The worst idea coming out of UFC's eighth card on Fox is Demetrious Johnson already ran out of 125-pound guys to fight.
But how can a champion clean out a division if its foundation hasn't even set?
Flyweight is “not like 145 or 155, where you can have 10 fights, win nine of them, and still not be anywhere close to a title shot," seventh-ranked Darrell Montague told ESPN.com earlier in the week.
Montague is the only competitor ranked in the top 10 not featured among the 15 flyweights currently signed to fight in the UFC.
"Maybe my first fight could be against one of their top guys," said “The Mongoose." "I win that, then the next one is for the belt. Who knows?"
John Moraga put himself in position to pull it off. So can the 25-year-old Montague. Same with 19-year-old Sergio Pettis. And 26-year-old Olympic wrestling champion Henry Cejudo. Or, perhaps, a kid we haven’t heard of before. This is why it’s silly to say Johnson has done the yeoman’s work of clearing out a weight class after only two title defenses.
"There's quite a few flyweights out there because it's not a weight they have a ton of options of where they can go,” said Ed Soares, speaking on behalf of the Resurrection Fighting Alliance, a feeder organization for the UFC that promotes flyweights because the UFC does. “So, we're definitely trying to build up lighter weights and hopefully get them up into the UFC."
Many people expect Pettis to rise to Johnson’s level over the next year. Montague, currently paving parking lots for a living, got an offer on Tuesday to fight in Japan -- he’s considering it but doesn’t sound crazy about fighting just to fight. Cejudo has all the hallmarks of a bankable star, so long as he doesn’t embrace a safety-first style.
Simply put, there’s more than enough available 125-pound talent to threaten for the belt on a regular basis. And considering how impressive a champion Johnson has been so far (try "very”), chances are he’ll be in position to take challenger flak for some time to come. At the moment, though, expecting him to match the dominance of established titleholders isn’t fair. The weight class he fronts isn’t mature enough. Moraga went from the first bout on Facebook to a championship main event on network television. Unknown to widespread.
This says a ton about the unpredictable mobility of flyweights, and why prospects might not be in a tremendous hurry to hit the UFC.

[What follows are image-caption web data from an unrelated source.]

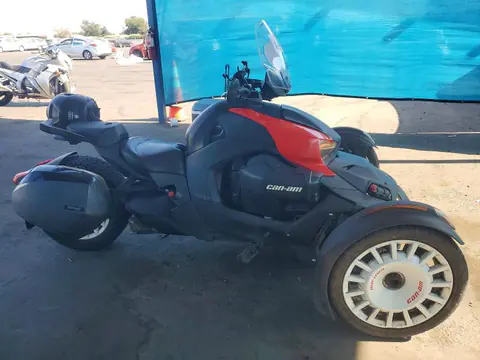 3JB2HEH24NJ000810 — 2022 Can-Am Ryker, Мелкие вмятины и царапины (Minor Dent/Scratches), фото до ремонта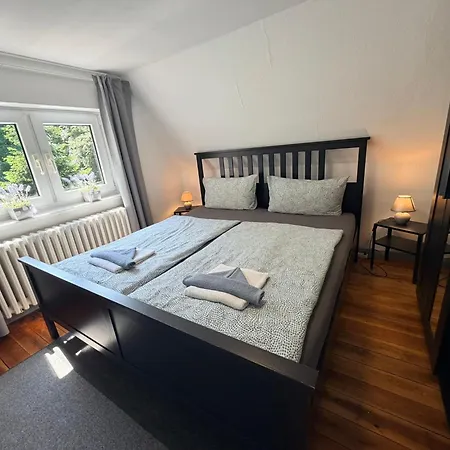 Wald & Welle Mit Garten Superior-appartement Ostsee In 850m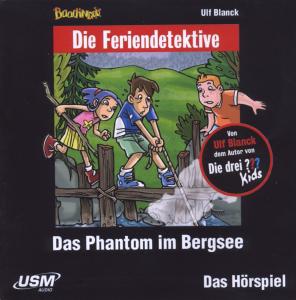 Bild des Verkufers fr Die Feriendetektive: Das Phantom im Bergsee (Audio-CD) zum Verkauf von moluna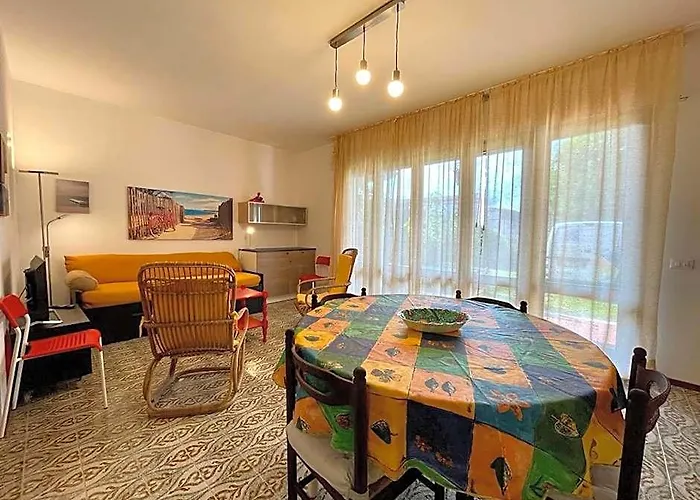 Holiday House In A Residential Complex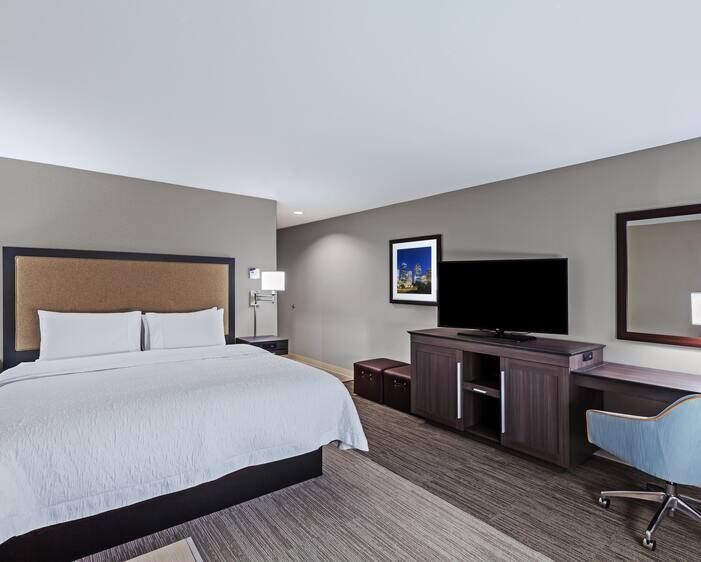 Hampton Inn And Suites Houston Heights I-10 Luaran gambar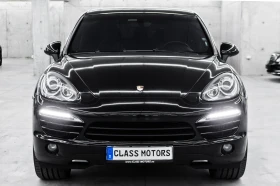 Porsche Cayenne 3.0D S 21 ПАНОРАМА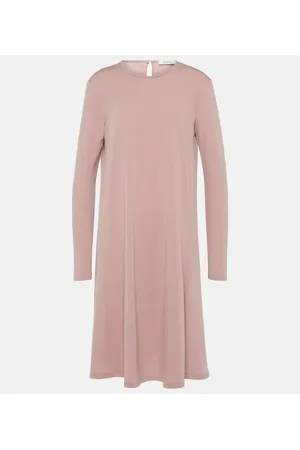 Max Mara Quarto jersey minidress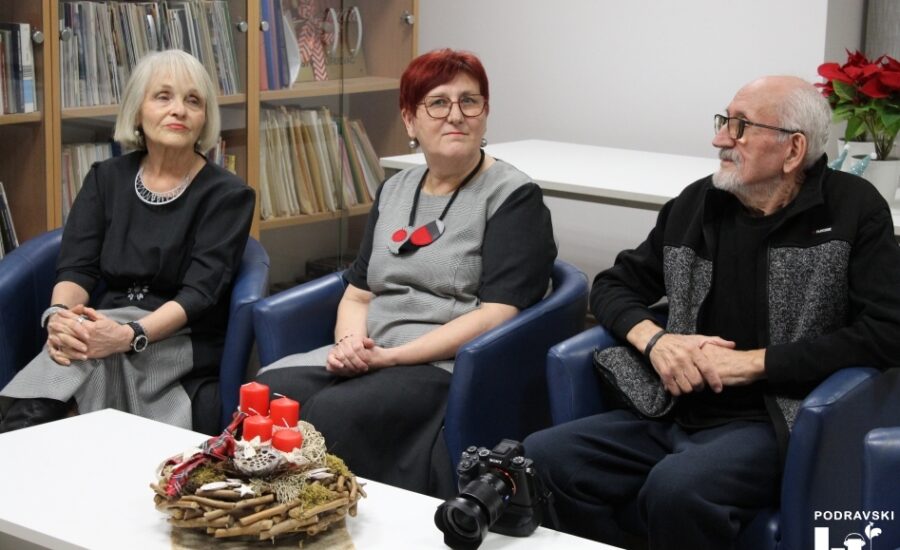 Izložba fotografija Tomislava Raptavija pod nazivom “Stari grad u srcu, Đurđevac u oku”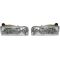 1995-97 Lincoln Town Car Composite Headlight Pair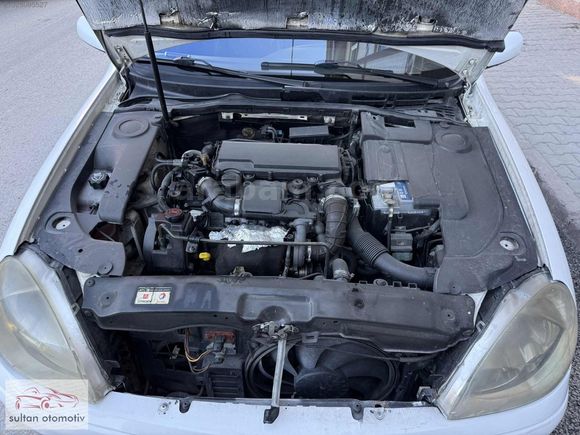 2005 XSARA 1.4 DİSEL YAKIT CİMRİSİ 309 BİN KM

Several fighters that might give Johnson a run for his money aren’t on the table yet because (1) the curbed 125-pound UFC roster is tough to crack, or (2) they're simply not prepared.

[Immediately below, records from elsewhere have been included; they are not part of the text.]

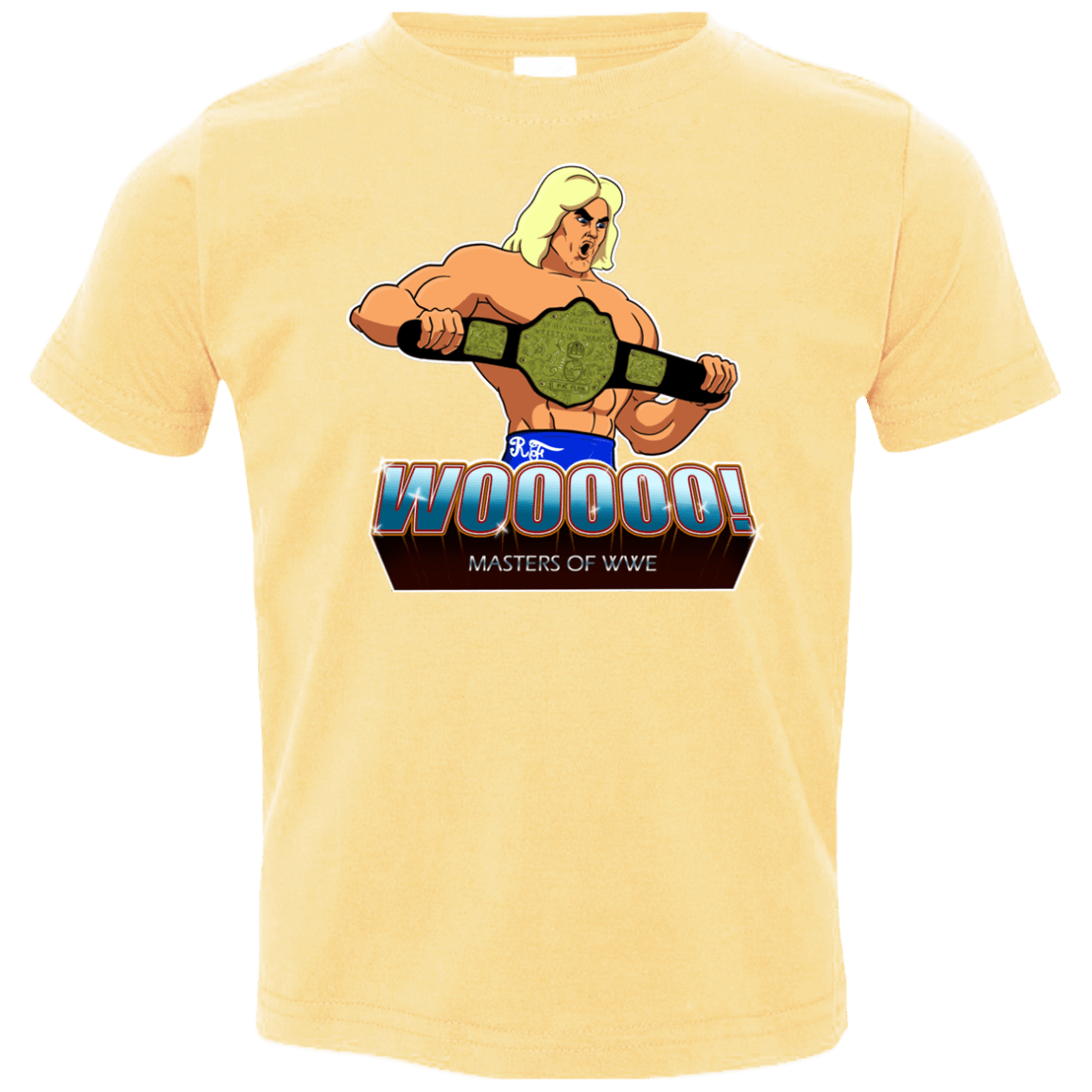 T-Shirts Butter / 2T I Have The Woooooo Toddler Premium T-Shirt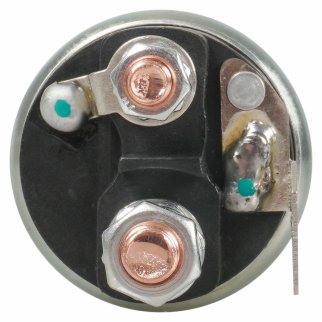 Реле втягивающее стартера для а/м Hyundai Getz (02-)/Kia Rio (05-) 1.4i AT(VSR 0809) фото 4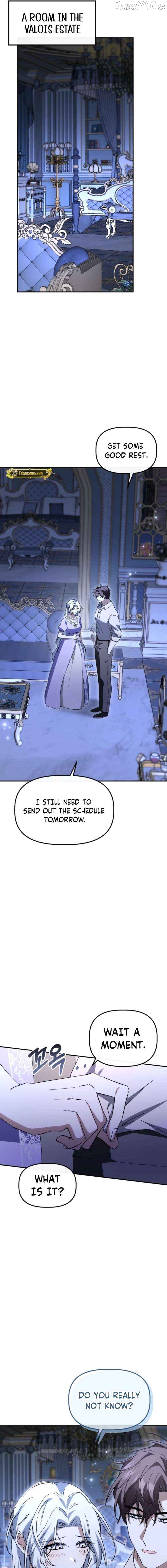 The Maid and the Usurper Chapter 27 - page 19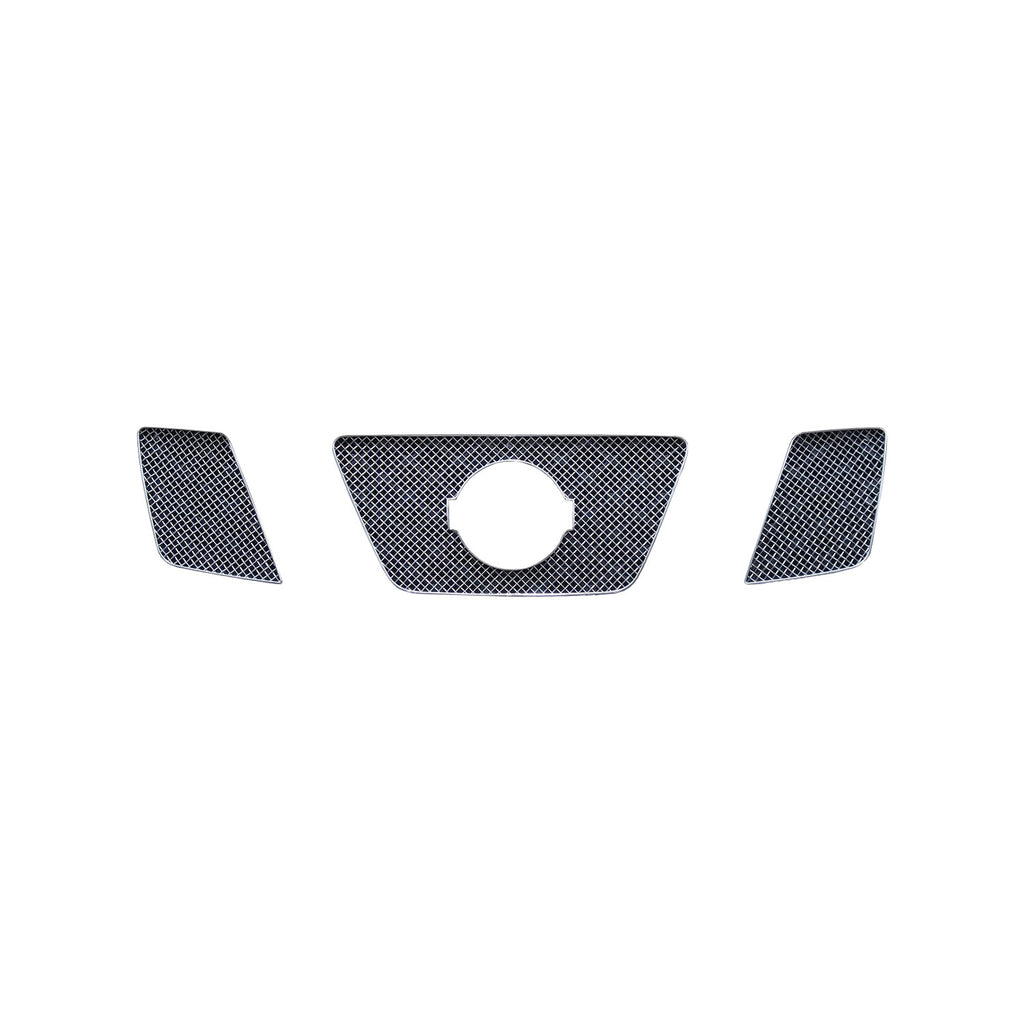 Upper Grille Set | Nissan Navara (2006 - 2009)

Fretting over talent is the wrong way to think about this. Instead, the true battle will hinge on whether or not fans dare to care about the smallest fighters on the UFC roster. Until the answer is a chest-thumping “yes,” flyweights will struggle to receive the attention they need to flourish.
“No one really paid attention to 125 until the UFC brought them in,” said Soares. “[The UFC is] the biggest, they're the best, so as soon as they decide to do something, everyone pays more attention to it. That goes for everything. Not only flyweights, but when they brought women in. They're the leaders. As soon as they start doing something, everyone is going to pay attention."

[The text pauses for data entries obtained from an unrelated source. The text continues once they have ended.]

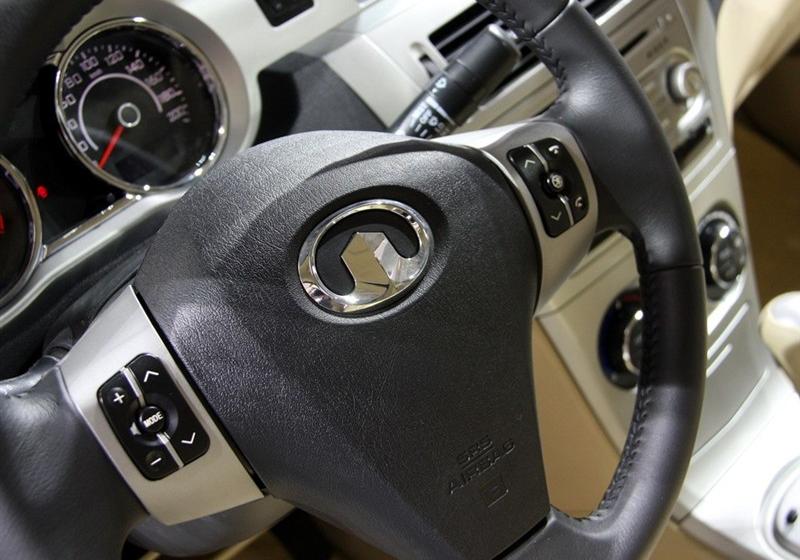 长城汽车 腾翼C30 2010款 1.5 CVT精英型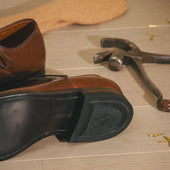 Bastion Oxford - Cognac Vocalou Calf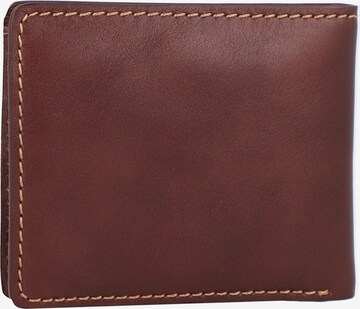 Picard Wallet in Brown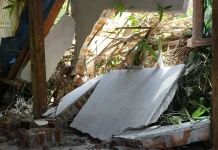 Bupati Kulon Progo Sambangi Korban Bencana Tanah Longsor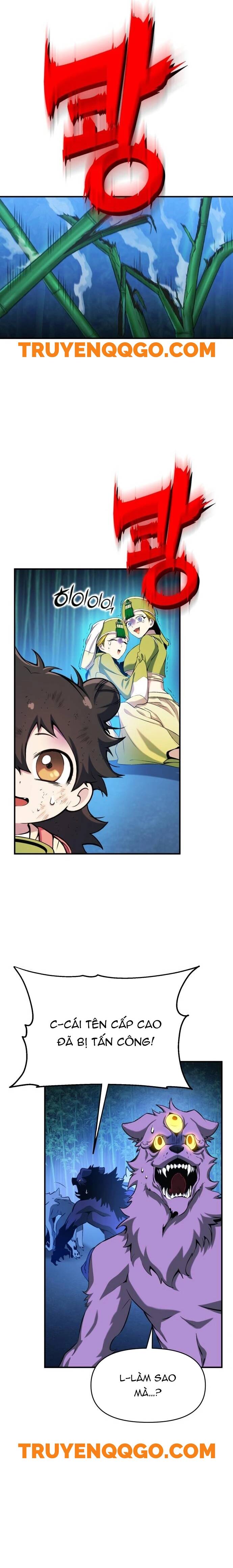 Quái Vật Quái Dị Chapter 5 - 36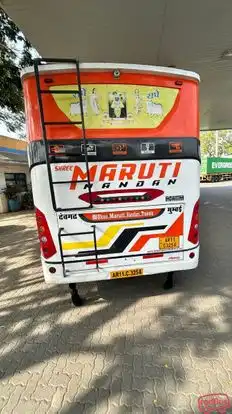 Shree Maruti Nandan Travels Bus-Side Image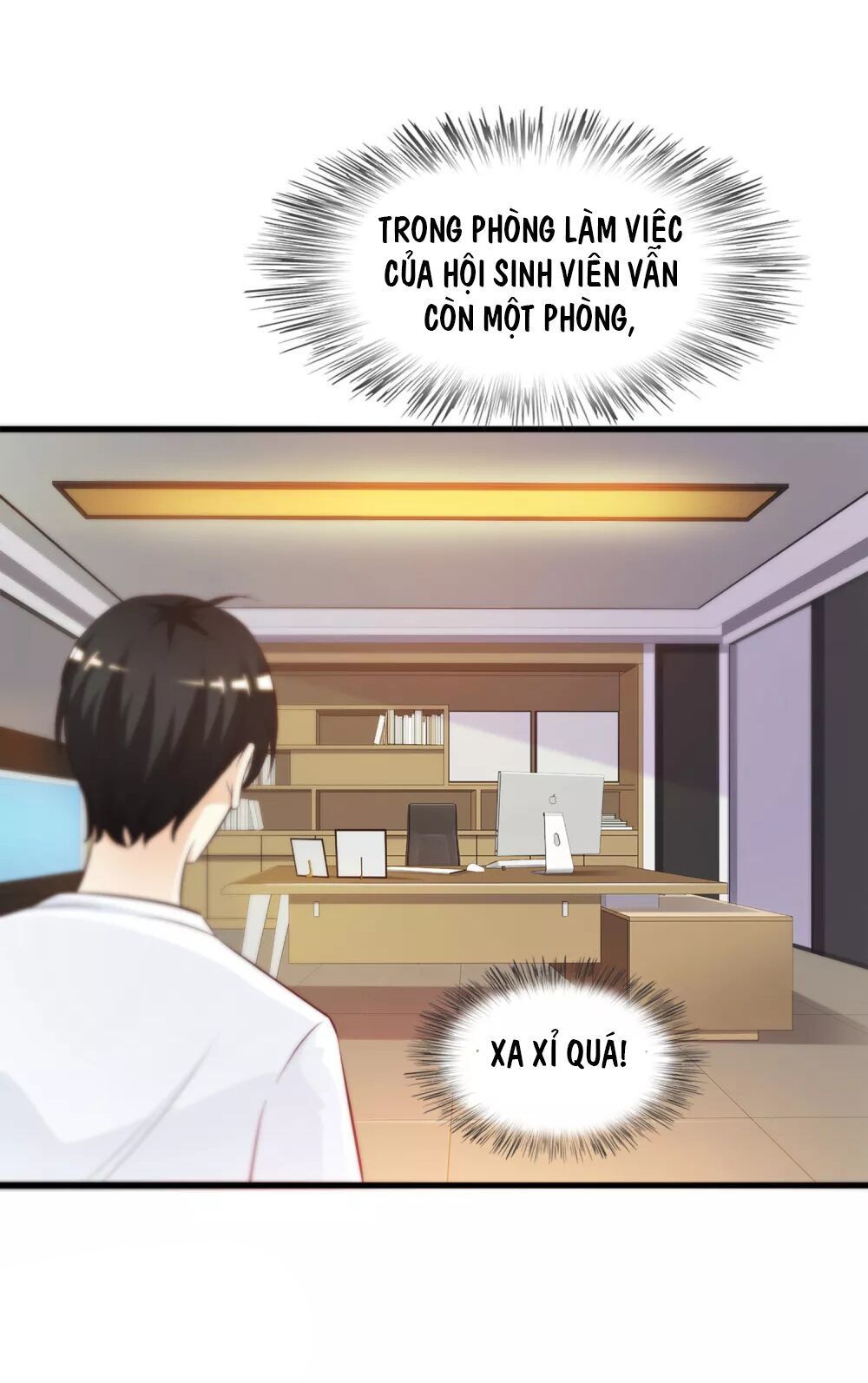 Tối Cường Vận Đào Hoa Chapter 8 - 13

Flyweight men and bantamweight women made their UFC debuts nearly a year apart, and their respective impacts on the promotion’s business couldn’t be more different.
Ronda Rousey is the most media-requested fighter on the roster and women have energized the UFC. Meanwhile, a hometown title defense for Johnson -- the only fighter to wear the promotion’s flyweight belt -- was overshadowed coming into the event by a welterweight co-main between Rory MacDonald and Jake Ellenberger.
No surprise then that as women and the UFC bask in Rousey’s glow, flyweight during the Johnson era has been slow to catch on. The UFC entered female MMA because of Rousey’s magnetism. There wasn’t an equivalent for men at 125, which is why the promotion held a four-fighter tournament to crown a champ. Out of that jumble emerged a bantamweight convert, “Mighty Mouse,” a heck of a competitor who’s yet to connect with the audience -- proving again it takes more than being a terrific mixed martial artist to become a UFC star.
Foregoing a showman at the top of the weight means flyweight could take longer to develop than its supporters want. But don’t make the mistake of pinning a slow response on the fighters' diminutive size.
After all, many of boxing’s most influential and entertaining stars over the years waged war at 126 pounds.